A few months ago my wife, a social work administrator, brought to my attention the book "In Search of Excellence" by Thomas J. Peters and Robert H. Waterman, Jr.1 This book has been the number one best selling nonfiction book on the New York Times list, and is one I can highly recommend to the few of you who may not yet have seen it. The premise of the book is a simple one . . . to discover why one company does extremely well while another similar company wallows in mediocrity. What can be learned from the best-managed companies in America at a time when everyone is smitten with the Japapese? What does a Big Mac have in common with an Apple computer, 3M with IBM?

The answers are surprisingly simple and straightforward, and are summarized by the authors in eight basic practices that form the chapter headings. They are:

  1. A bias for action
  2. Closeness to the customer
  3. Autonomy and entrepreneurship
  4. Belief in productivity through people
  5. A hands-on, value-driven operation
  6. A tendency to stick to the knitting
  7. A simple form and lean staff
  8. Simultaneous loose-tight properties

As the authors themselves state, very little is new, nothing is radical, and as we shall see, all of it can be applied to the academic setting with a little imagination.

A. A Bias for Action: Successful companies are willing to innovate, experiment and take risks. Successful companies put together small teams who work closely. They don't form committees and cumbersome bureaucracies. Successful companies move with ideas. There are many obvious advantages in having a strong general music prograrn. Among them are increased student credit hours with the funding that should usually follow. The Department will also build future audiences, as well as attract new music minors and even majors. Individual faculty members often report great satisfaction in awakening intelligent students to the pleasures of music. There are surprisingly many faculty members who are attuned to these facts and recognize the rewards of teaching in a general music program. They should be encouraged to act, to move ontheir ideas, to talk about them with like-minded colleagues. Faculty members should be willing to innovate, experiment, and take some risks. As one executive put it, "ready, fire, aim." The talented music executive can promote the action bias in many ways. Primary among them is the creation of a task force not unlike quality circles who meet to brainstorm solutions to the problems of improving the general studies program, and who believe that chaotic action is preferable to orderly inaction.

B. Closeness to the customer: It is amazing how many companies have forgotten the importance of the customer. It is far less surprising that many of those companies fail. Too often, the customer is treated like a nuisance, and service like a necessary evil. Successful companies are those that care about customers. I have a sign in my office, prominently displayed for my own repeated benefit. . . "assumption is the mother of all screwups." How many of us simply assume we know what students want and need. How many administrators and faculty, for example, assume that what students want from a general music course is a Mickey Mouse, blowoff, gut music appreciation course with a built in easy A? How many assume that what students need is a narrow course in conventional, classical music literature. How many still assume that the course should be taught as Hanslick taught at the University of Vienna a century ago?

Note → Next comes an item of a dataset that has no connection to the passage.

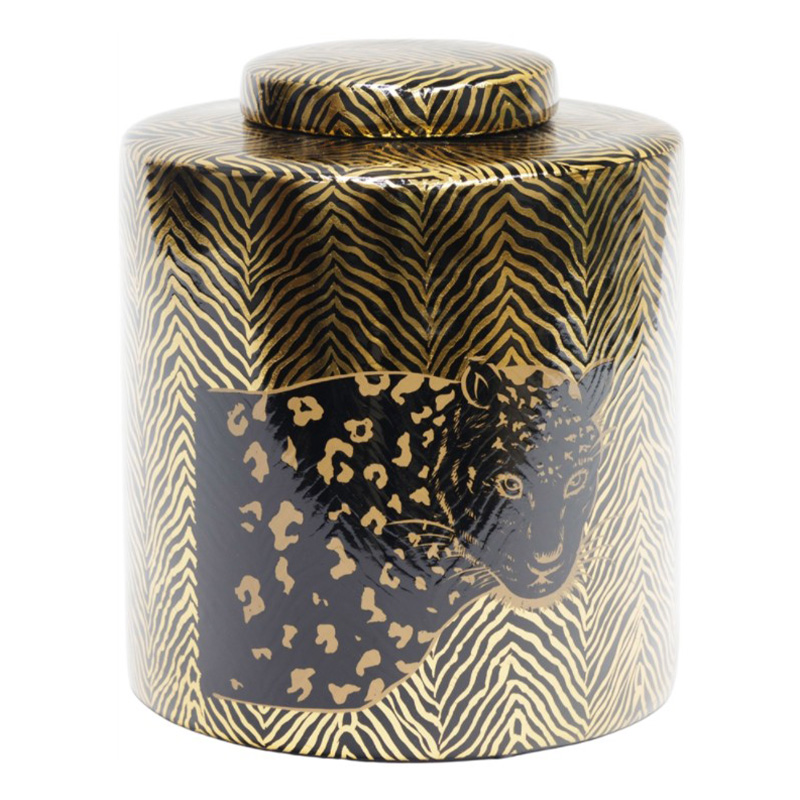 Ваза Leopard Vase black and gold 25 Черный Золотой в Краснодаре | Loft Concept 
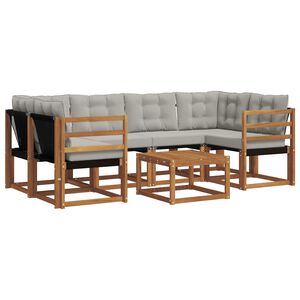 vidaXL V&auml;li diivanikomplekt padjaga 7 pcs Looduslik ja Hele Hall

When we engaged students in a bit of market-research conversation we discovered that many students wanted to learn to compose. We not only discovered that they could learn, but they were seriously willing to work hard at it. We found that our senior composition/theory faculty were delighted to teach them, and that many of the students were then prepared for more advanced theory courses, and took them. We found also that these same students developed an interest in music literature through their compositional experience. All we had to do was take an interest in our customer.

C. Autonomy and entrepreneurship: The most successful companies hand off the ball to someone who is willing to run with it and then get out of the way. The same dynamic can work in the academic setting. Not all of the rewards of teaching are intrinsic, and not all are financial. In one situation we turned a mediocre music appreciation course over to a dynamic young music education faculty member. As the course grew we saw that she was rewarded. She was able to choose her schedule, choose her classroom. We provided her with the needed hi-fi and audio visual equipment. We saw to it that she had the cooperation of other faculty members. We took pains to acknowledge her contribution to the Department. We made sure that everyone knew and appreciated the fact that her efforts supported the work of other faculty whose classes were underenrolled. All of this contributed to one of the finest general music courses we have ever developed.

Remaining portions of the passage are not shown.